◆ What to work on ◆
From the listing that follows, reproduce only the lines from the one holding "1016 Style Carbon" through the one holding "Bellevie Bank L", both included, with no pictures.

START Exercise data

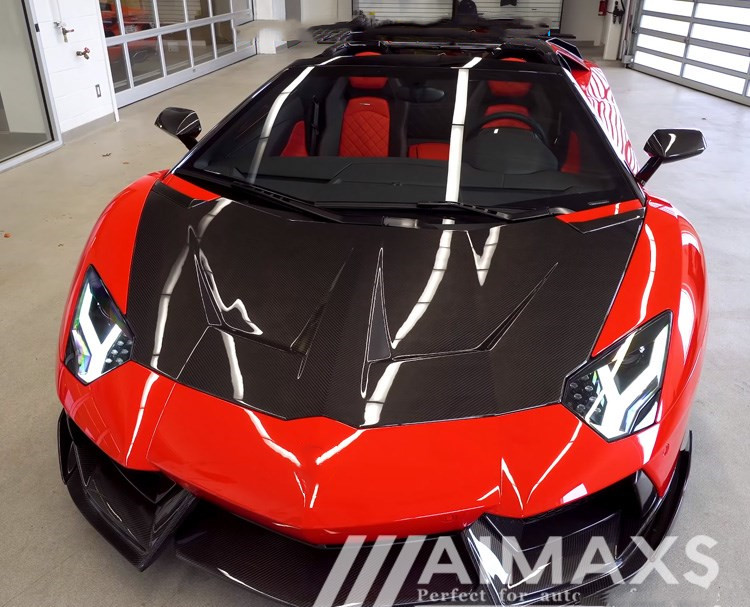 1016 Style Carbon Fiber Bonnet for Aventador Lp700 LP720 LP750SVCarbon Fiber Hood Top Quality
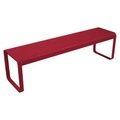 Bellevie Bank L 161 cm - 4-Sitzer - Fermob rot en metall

END Exercise data
START Exercise data

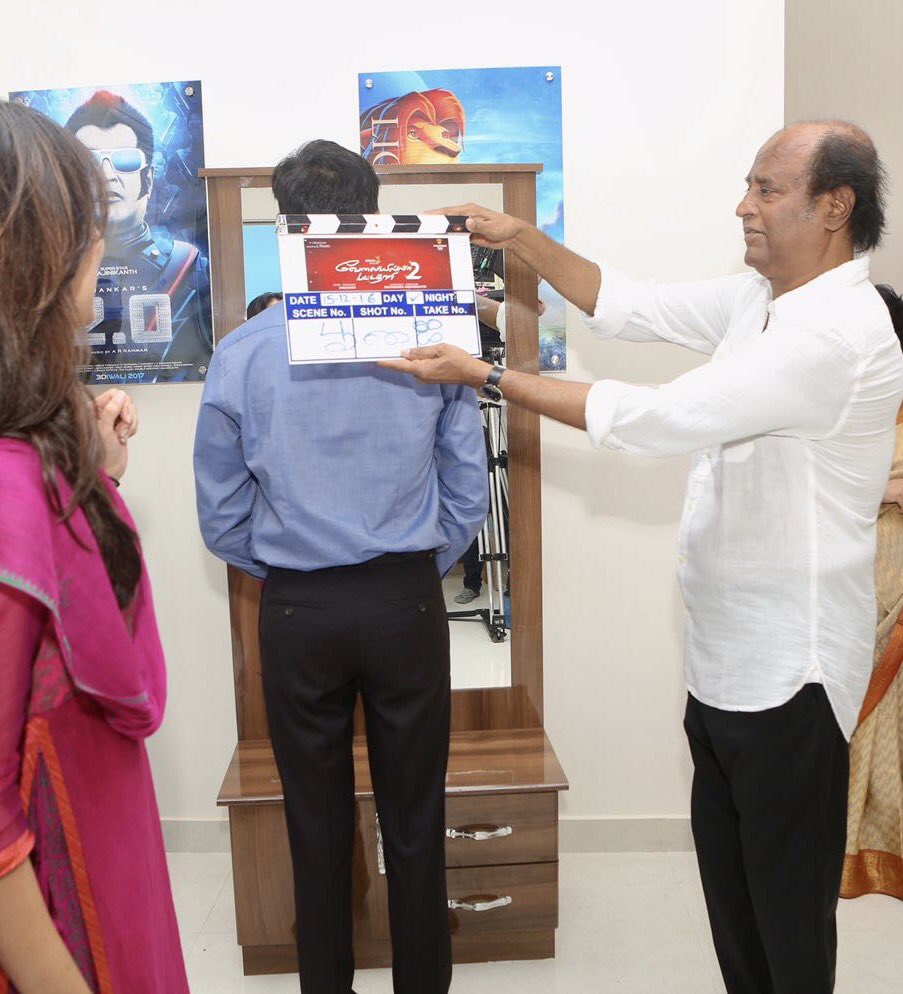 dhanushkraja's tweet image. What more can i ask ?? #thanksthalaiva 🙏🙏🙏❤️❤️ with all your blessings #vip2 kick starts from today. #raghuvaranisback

END Exercise data
START Exercise data

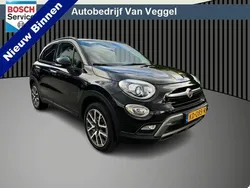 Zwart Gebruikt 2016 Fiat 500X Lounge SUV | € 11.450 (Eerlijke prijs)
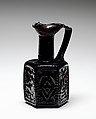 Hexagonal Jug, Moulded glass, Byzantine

END Exercise data

◆ Exercise result ◆
 1016 Style Carbon Fiber Bonnet for Aventador Lp700 LP720 LP750SVCarbon Fiber Hood Top Quality
 Bellevie Bank L 161 cm - 4-Sitzer - Fermob rot en metall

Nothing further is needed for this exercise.